We already knew that Americans weren’t the only ones to be rightly concerned about the Equifax hack, but the latest statement from the company’s UK branch is quite something.
Equifax Ltd has confirmed to Mashable that a file containing personal data of “fewer than 400,000 UK consumers” was stolen in the 7 September breach.
That happened because of a “process failure” — or an epic fail as we normal humans say — which saw UK data being stored in the U.S. for a good 5 years, between 2011 and 2016. It was only corrected last year.
The information included the customers’ name, date of birth, email address, and a telephone number, according to Equifax, which added that the data “does not include any residential address information, password information or financial data.”

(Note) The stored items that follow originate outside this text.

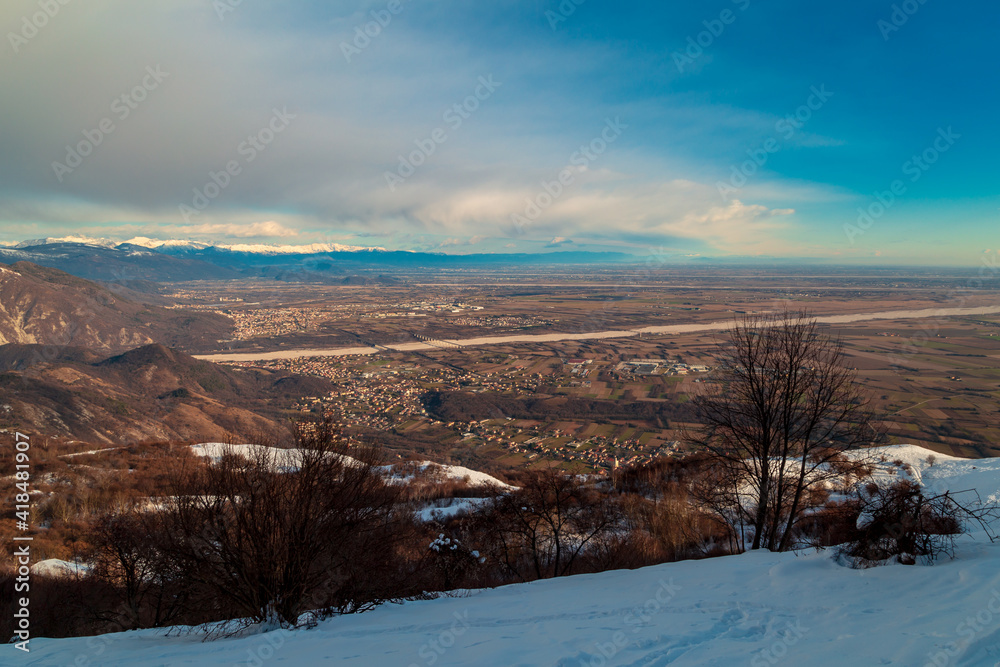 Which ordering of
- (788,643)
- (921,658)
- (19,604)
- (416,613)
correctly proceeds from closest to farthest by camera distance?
1. (921,658)
2. (788,643)
3. (416,613)
4. (19,604)

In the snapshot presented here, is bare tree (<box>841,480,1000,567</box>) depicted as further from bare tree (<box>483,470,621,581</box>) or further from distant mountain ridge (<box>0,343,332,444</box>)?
distant mountain ridge (<box>0,343,332,444</box>)

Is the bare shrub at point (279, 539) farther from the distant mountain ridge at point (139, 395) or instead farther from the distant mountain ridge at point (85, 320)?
the distant mountain ridge at point (85, 320)

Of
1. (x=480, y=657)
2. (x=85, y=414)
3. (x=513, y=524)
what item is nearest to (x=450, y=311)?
(x=85, y=414)

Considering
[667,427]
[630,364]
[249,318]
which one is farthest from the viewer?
[249,318]

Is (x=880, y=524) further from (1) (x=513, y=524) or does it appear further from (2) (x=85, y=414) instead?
(2) (x=85, y=414)

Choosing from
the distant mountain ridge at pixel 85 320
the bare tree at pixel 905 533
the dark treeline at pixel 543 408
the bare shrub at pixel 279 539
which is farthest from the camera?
the distant mountain ridge at pixel 85 320

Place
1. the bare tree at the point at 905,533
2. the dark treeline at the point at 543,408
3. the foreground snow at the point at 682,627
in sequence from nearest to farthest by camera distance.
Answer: the foreground snow at the point at 682,627 → the bare tree at the point at 905,533 → the dark treeline at the point at 543,408

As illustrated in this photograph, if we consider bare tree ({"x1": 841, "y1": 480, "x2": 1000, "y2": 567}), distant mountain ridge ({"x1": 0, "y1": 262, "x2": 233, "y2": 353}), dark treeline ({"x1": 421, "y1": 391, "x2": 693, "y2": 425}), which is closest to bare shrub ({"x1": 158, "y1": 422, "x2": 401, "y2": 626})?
bare tree ({"x1": 841, "y1": 480, "x2": 1000, "y2": 567})

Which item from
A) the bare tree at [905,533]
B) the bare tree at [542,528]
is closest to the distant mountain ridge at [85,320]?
the bare tree at [542,528] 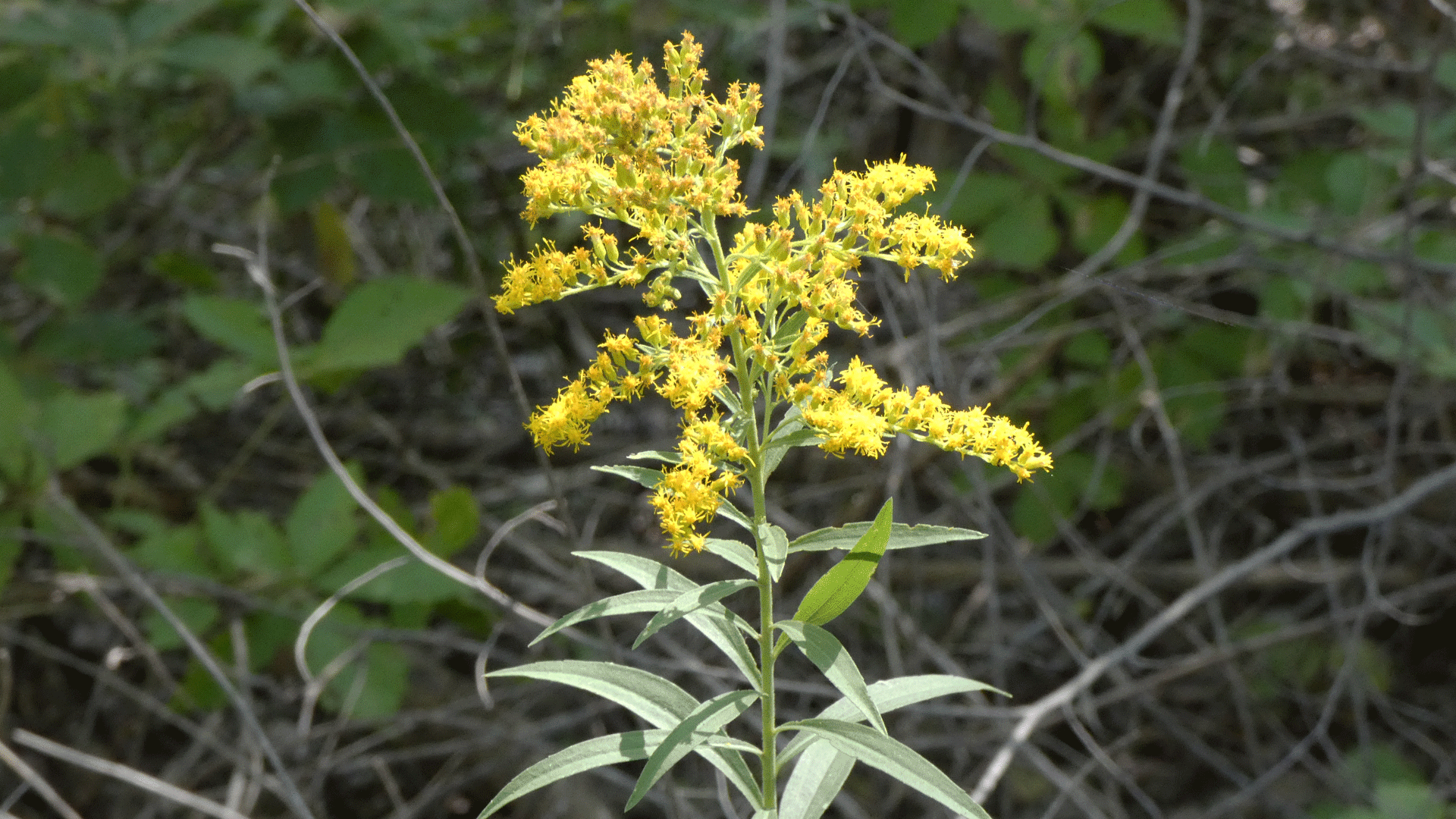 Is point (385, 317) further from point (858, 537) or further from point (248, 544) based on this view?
point (858, 537)

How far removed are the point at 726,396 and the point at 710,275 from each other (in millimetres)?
174

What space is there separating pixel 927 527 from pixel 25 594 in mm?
3351

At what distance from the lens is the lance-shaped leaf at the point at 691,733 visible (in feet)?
4.58

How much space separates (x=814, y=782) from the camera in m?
1.70

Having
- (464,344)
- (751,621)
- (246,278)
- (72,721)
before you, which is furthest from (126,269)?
(751,621)

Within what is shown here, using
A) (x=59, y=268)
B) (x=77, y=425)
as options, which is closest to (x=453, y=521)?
(x=77, y=425)

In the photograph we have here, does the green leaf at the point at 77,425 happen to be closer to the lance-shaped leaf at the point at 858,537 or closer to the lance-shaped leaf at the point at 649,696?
the lance-shaped leaf at the point at 649,696

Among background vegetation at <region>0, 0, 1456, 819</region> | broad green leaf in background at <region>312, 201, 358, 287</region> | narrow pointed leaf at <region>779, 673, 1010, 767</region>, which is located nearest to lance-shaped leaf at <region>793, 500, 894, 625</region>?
narrow pointed leaf at <region>779, 673, 1010, 767</region>

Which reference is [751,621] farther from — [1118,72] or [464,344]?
[1118,72]

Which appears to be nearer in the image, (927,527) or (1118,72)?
(927,527)

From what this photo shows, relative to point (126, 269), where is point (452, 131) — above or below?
above

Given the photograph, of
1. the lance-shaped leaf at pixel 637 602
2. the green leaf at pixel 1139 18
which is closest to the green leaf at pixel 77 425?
the lance-shaped leaf at pixel 637 602

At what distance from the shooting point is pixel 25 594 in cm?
368

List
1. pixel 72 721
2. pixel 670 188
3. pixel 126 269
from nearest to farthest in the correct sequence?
pixel 670 188 → pixel 72 721 → pixel 126 269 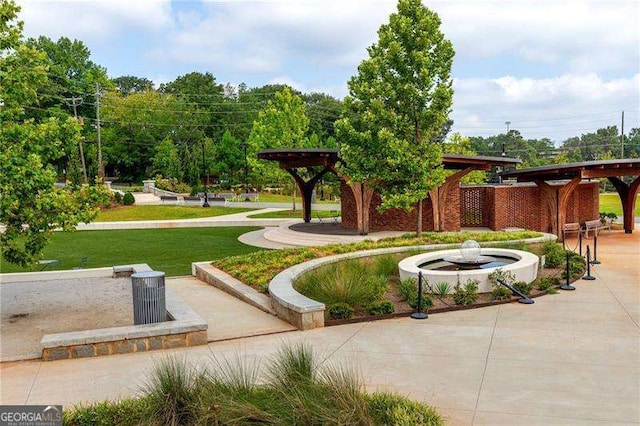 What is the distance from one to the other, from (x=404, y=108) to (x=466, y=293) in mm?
10592

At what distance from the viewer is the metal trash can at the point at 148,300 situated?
312 inches

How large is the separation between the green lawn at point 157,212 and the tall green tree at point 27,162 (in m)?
27.4

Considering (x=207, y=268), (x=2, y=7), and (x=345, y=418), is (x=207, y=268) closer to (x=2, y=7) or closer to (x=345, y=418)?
(x=2, y=7)

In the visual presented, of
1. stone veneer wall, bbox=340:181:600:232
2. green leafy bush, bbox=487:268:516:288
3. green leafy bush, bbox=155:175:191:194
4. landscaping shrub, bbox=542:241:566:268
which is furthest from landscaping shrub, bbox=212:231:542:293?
green leafy bush, bbox=155:175:191:194

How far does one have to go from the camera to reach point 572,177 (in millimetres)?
21828

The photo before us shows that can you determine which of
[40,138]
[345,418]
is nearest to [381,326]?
[345,418]

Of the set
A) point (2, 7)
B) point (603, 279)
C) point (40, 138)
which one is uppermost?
point (2, 7)

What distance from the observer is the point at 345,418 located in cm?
429

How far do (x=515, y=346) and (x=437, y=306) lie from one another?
2452 mm

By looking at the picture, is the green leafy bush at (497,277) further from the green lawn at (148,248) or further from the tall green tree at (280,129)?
the tall green tree at (280,129)

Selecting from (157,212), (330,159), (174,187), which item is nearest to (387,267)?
(330,159)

Moreover, Equifax sought to reassure UK customers that any “identity takeover is unlikely.” The company said it will be contacting affected customers and offer them a free comprehensive ID protection service “which will allow them to monitor their personal data, including their credit information and be alerted to any potential signs of fraudulent activity.”
“We apologise for this failure to protect UK consumer data,” Patricio Remon, President at Equifax Ltd. said. “Our immediate focus is to support those affected by this incident and to ensure we make all of the necessary improvements and investments to strengthen our security and processes going forward.”
The Information Commissioner’s Office, a.k.a. the UK’s data protection authority, said they have been “pressing the firm to establish the scale of any impact on UK citizens and have also been engaging with relevant US and UK agencies about the nature of the data breach.”
“Members of the public should remain vigilant of any unsolicited emails, texts or calls, even if it appears to be from a company they are familiar with,” the regulator warned the public. “We also advise that people review their financial statements regularly for any unfamiliar activity.”
As many as 143 million Americans — about 44% of the U.S. population — had personal information stolen from Equifax due to a vulnerability of the systems.